**DATASET EXCERPT**:
------------------------
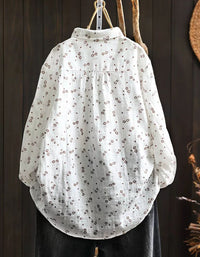 Retro Floral Embroidery Loose Fit Button Shirt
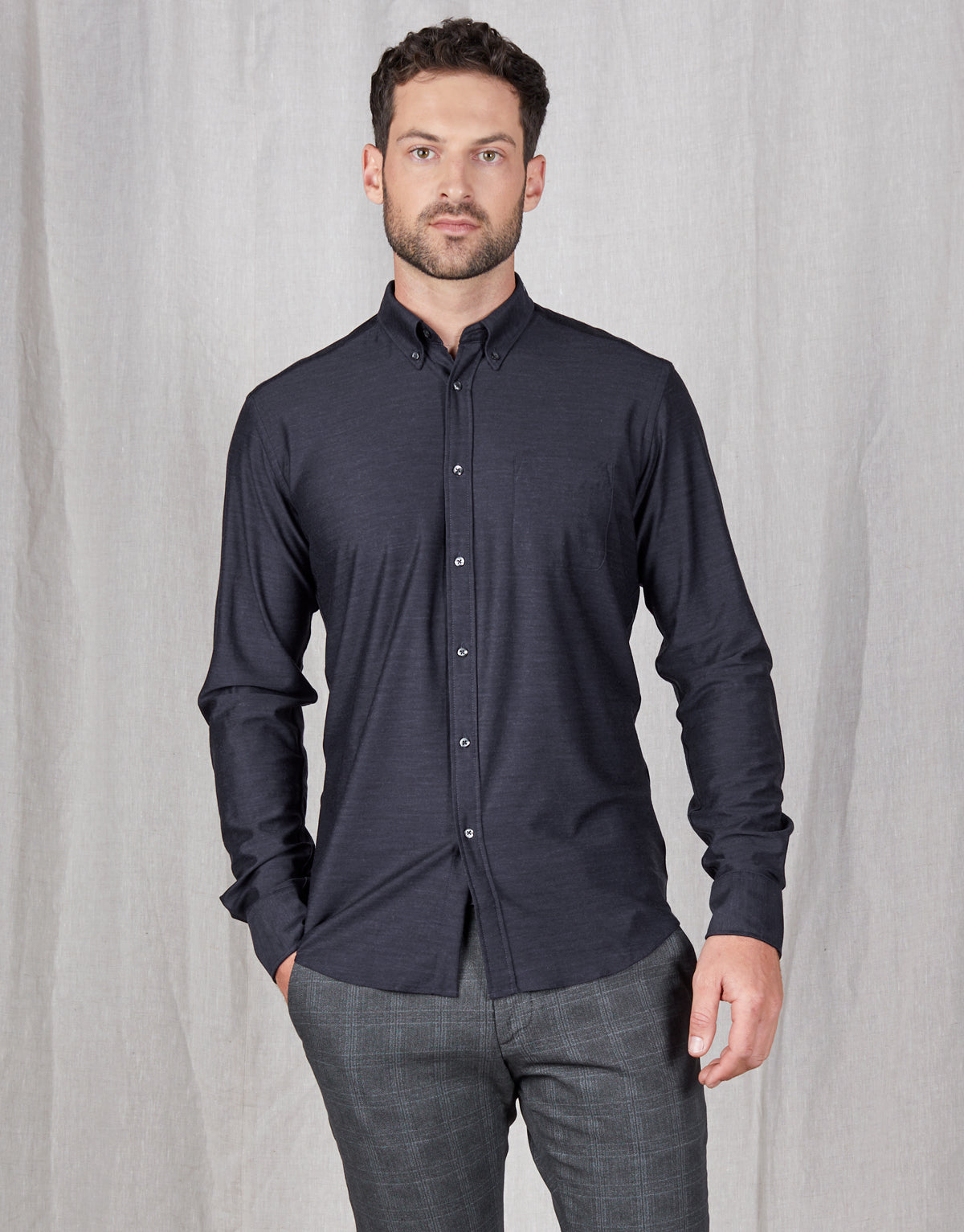 Ohope Navy Merino Wool Shirt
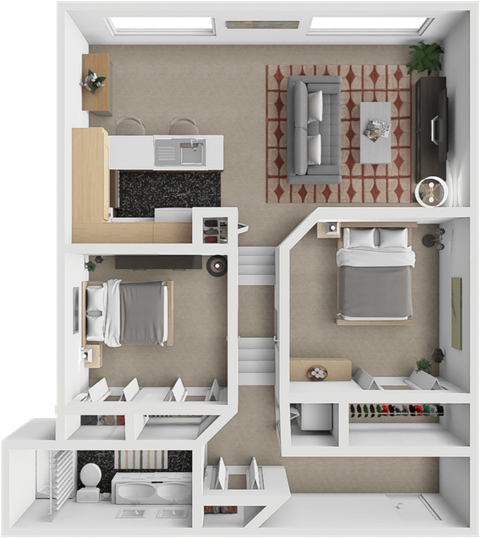 a rendering of a 3d floor plan of a house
------------------------
**YOUR TASK**:
Repeat the listing above exactly, omitting the pictures it contains.

**RESULT OF THIS TASK**:
 Retro Floral Embroidery Loose Fit Button Shirt
 Ohope Navy Merino Wool Shirt
 a rendering of a 3d floor plan of a house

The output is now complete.